PROBLEM TO SOLVE:
Each line of the data below goes into the copy exactly; pictures do not.

GIVEN DATA:
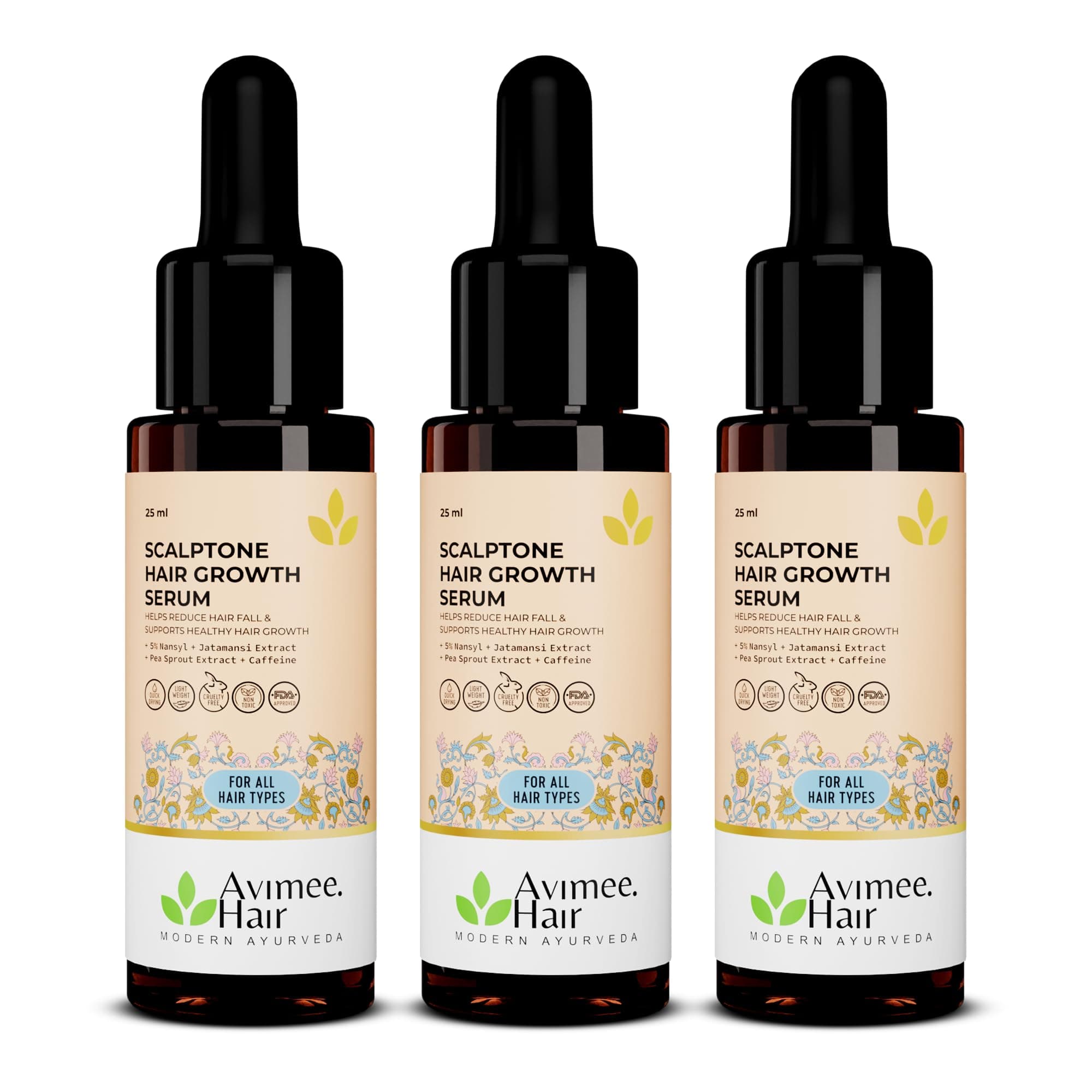Avimee Herbal Scalptone Hair Growth Serum (Pack of 3) | Scientifically Proven Formula | Enriched with Nansyl & Green Tea Extract | For Hair Growth & Hair Fall Reduction | 25 ml each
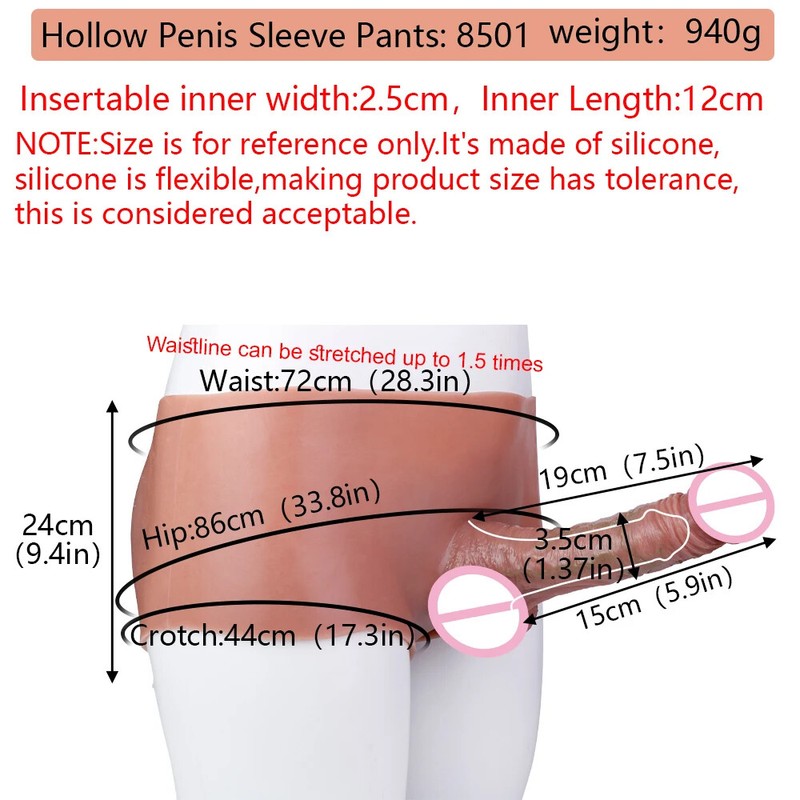 Ultra Hollow Dildo Pants Strapon Chastity Panties With Penis Sleeve Sex Toys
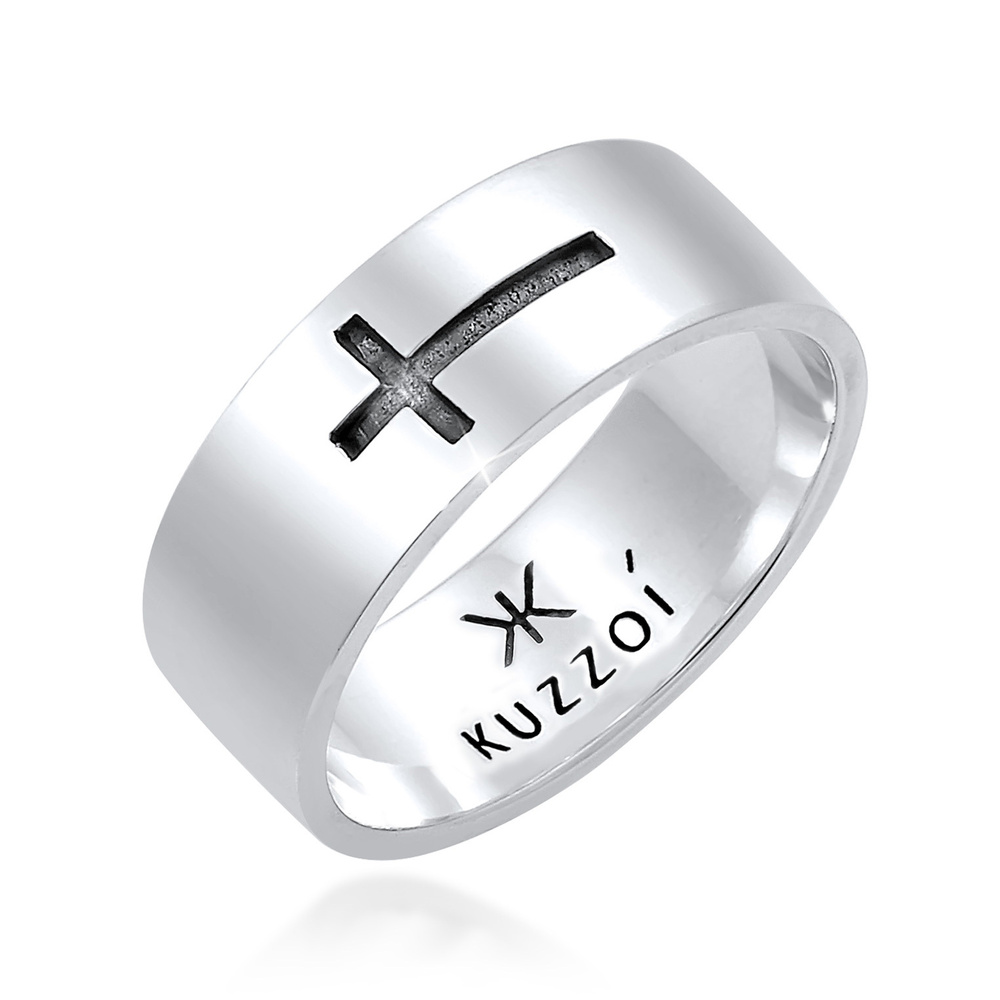 KUZZOI KUZZOI Bague Tendance à l'oxydation croisée des hommes en argent sterling 925 Bague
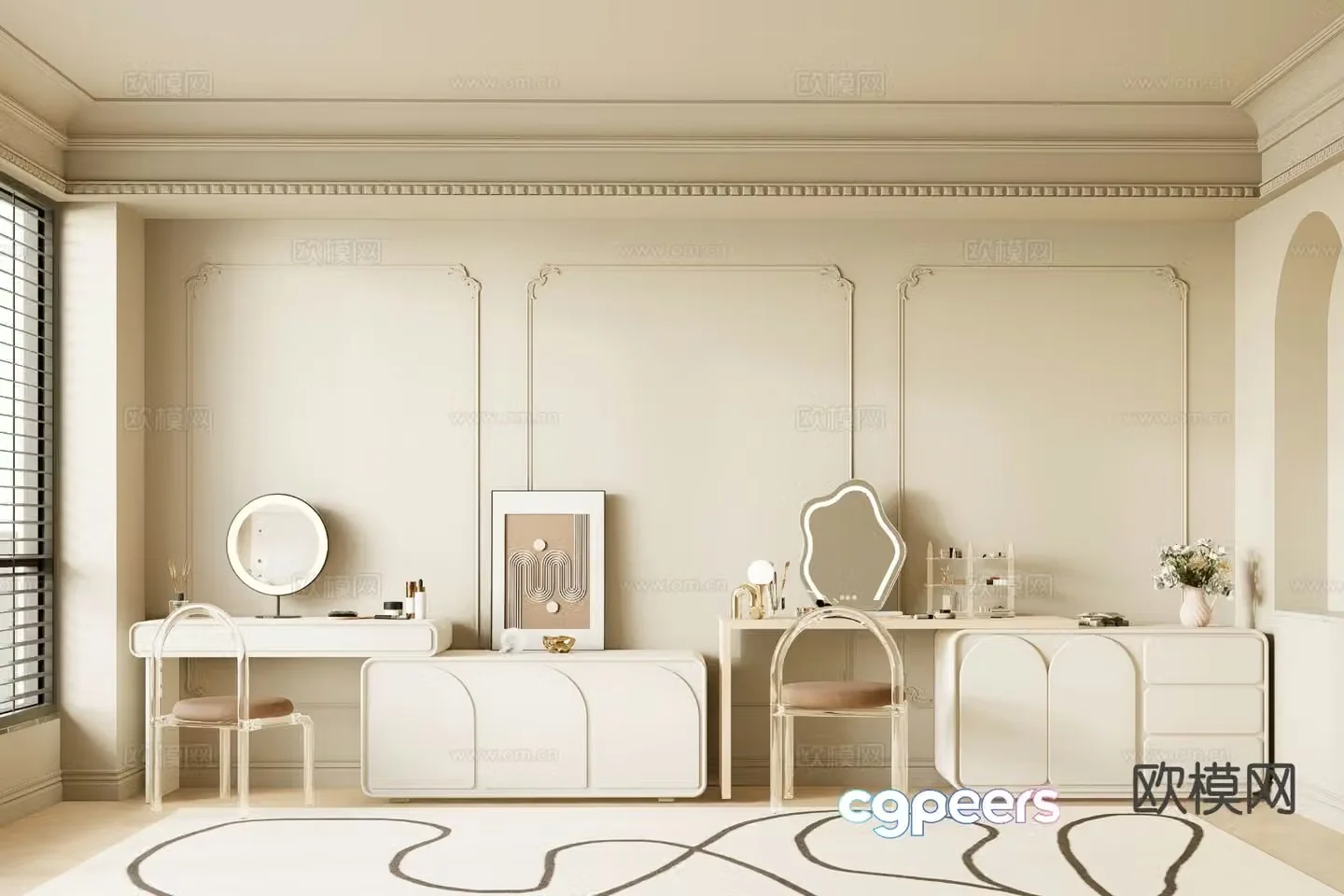 Cream style dressing table dressing table 3d model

ANSWER SPACE:
Avimee Herbal Scalptone Hair Growth Serum (Pack of 3) | Scientifically Proven Formula | Enriched with Nansyl & Green Tea Extract | For Hair Growth & Hair Fall Reduction | 25 ml each
 Ultra Hollow Dildo Pants Strapon Chastity Panties With Penis Sleeve Sex Toys
 KUZZOI KUZZOI Bague Tendance à l'oxydation croisée des hommes en argent sterling 925 Bague
 Cream style dressing table dressing table 3d model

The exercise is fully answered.